Exercise details: Every line below from the one containing "Ralph H. Young" through the one containing "Classic Car Embroidered" must be transcribed exactly. Omit all lines outside that stretch.

Record extracts:
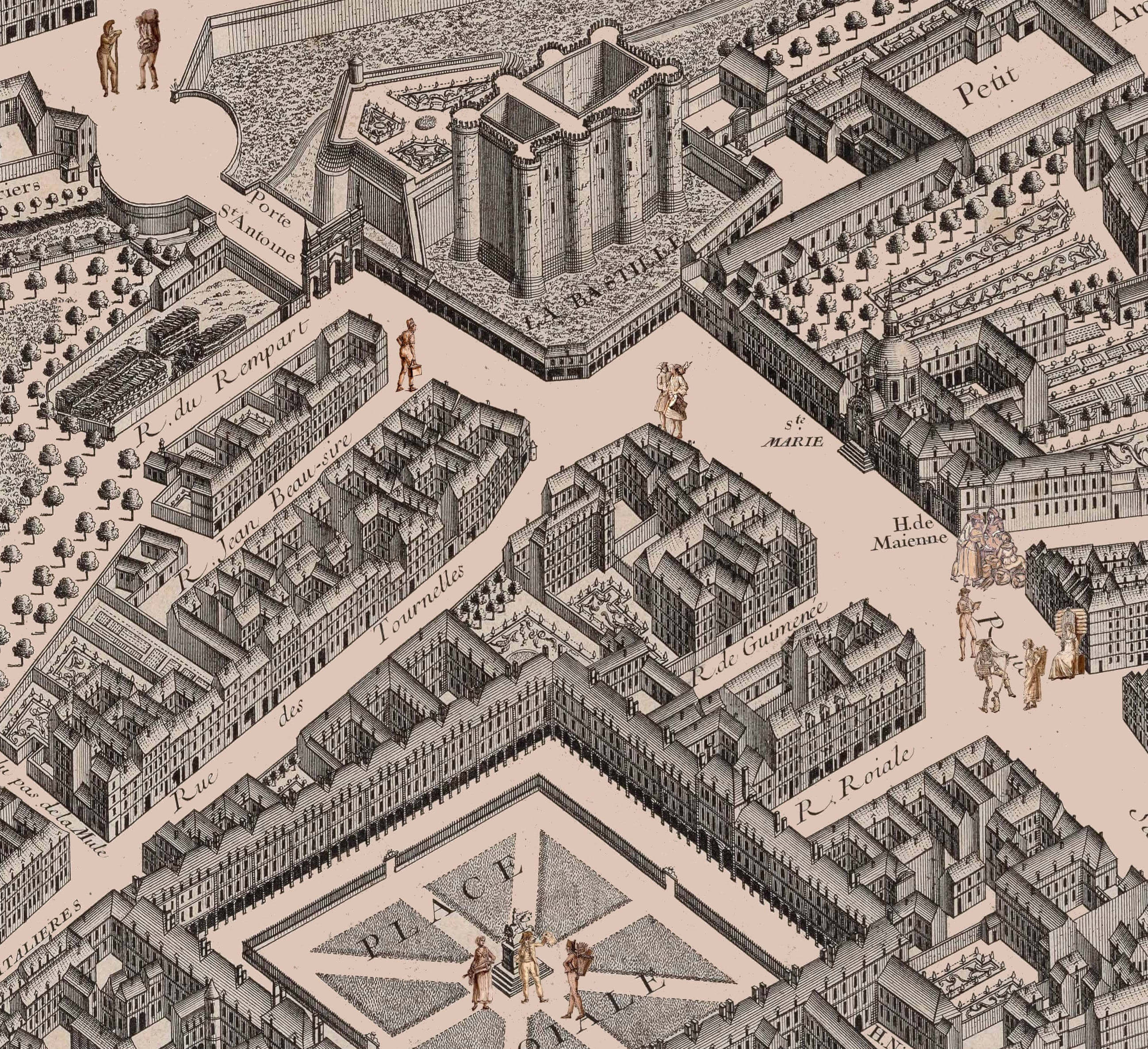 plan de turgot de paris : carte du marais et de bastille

---

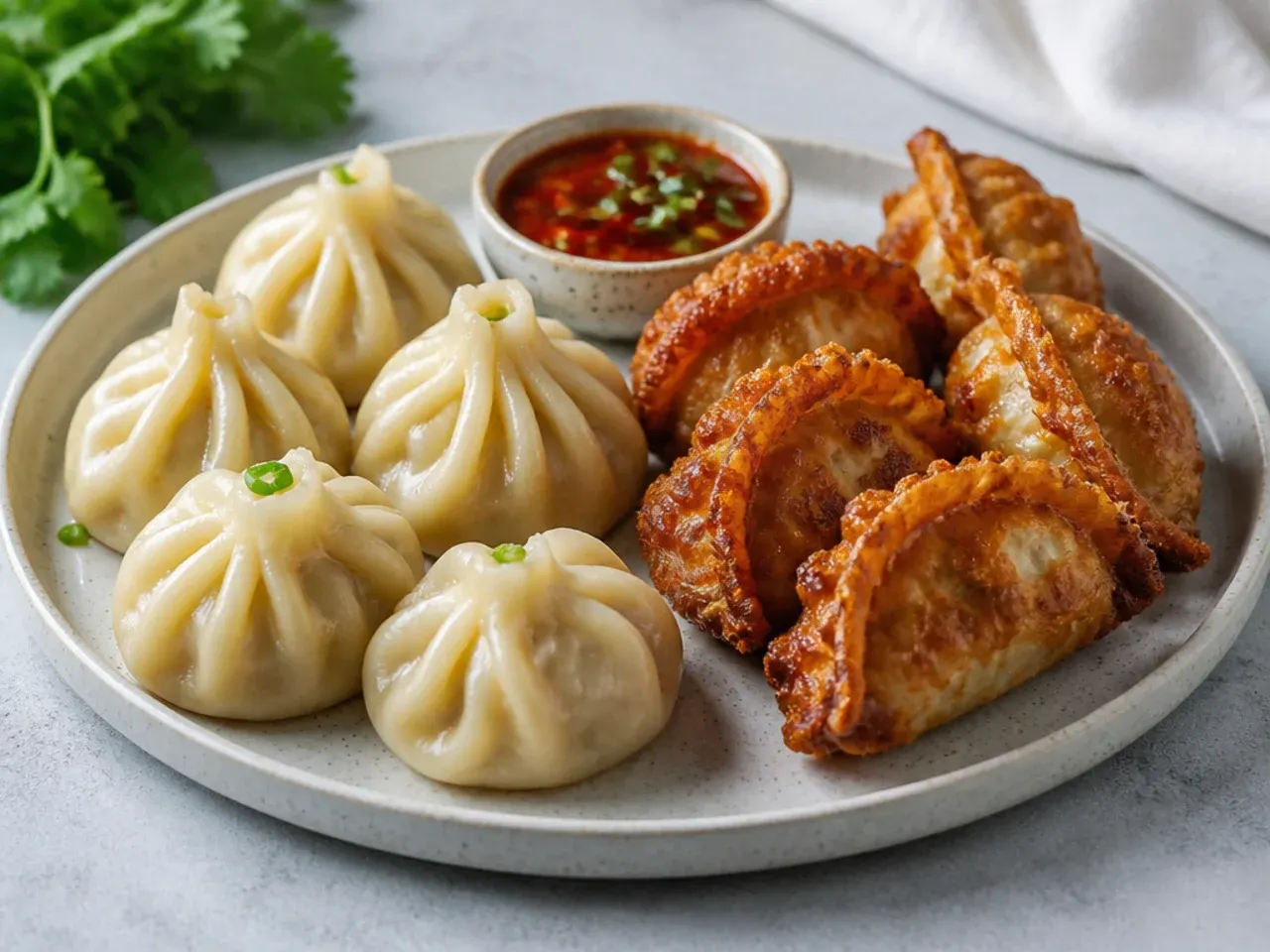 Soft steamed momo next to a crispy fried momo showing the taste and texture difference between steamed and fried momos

==

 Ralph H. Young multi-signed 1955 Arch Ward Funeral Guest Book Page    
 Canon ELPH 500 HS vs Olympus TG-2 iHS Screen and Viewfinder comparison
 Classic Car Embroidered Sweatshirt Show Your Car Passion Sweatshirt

Worked solution:
 Ralph H. Young multi-signed 1955 Arch Ward Funeral Guest Book Page    
 Canon ELPH 500 HS vs Olympus TG-2 iHS Screen and Viewfinder comparison
 Classic Car Embroidered Sweatshirt Show Your Car Passion Sweatshirt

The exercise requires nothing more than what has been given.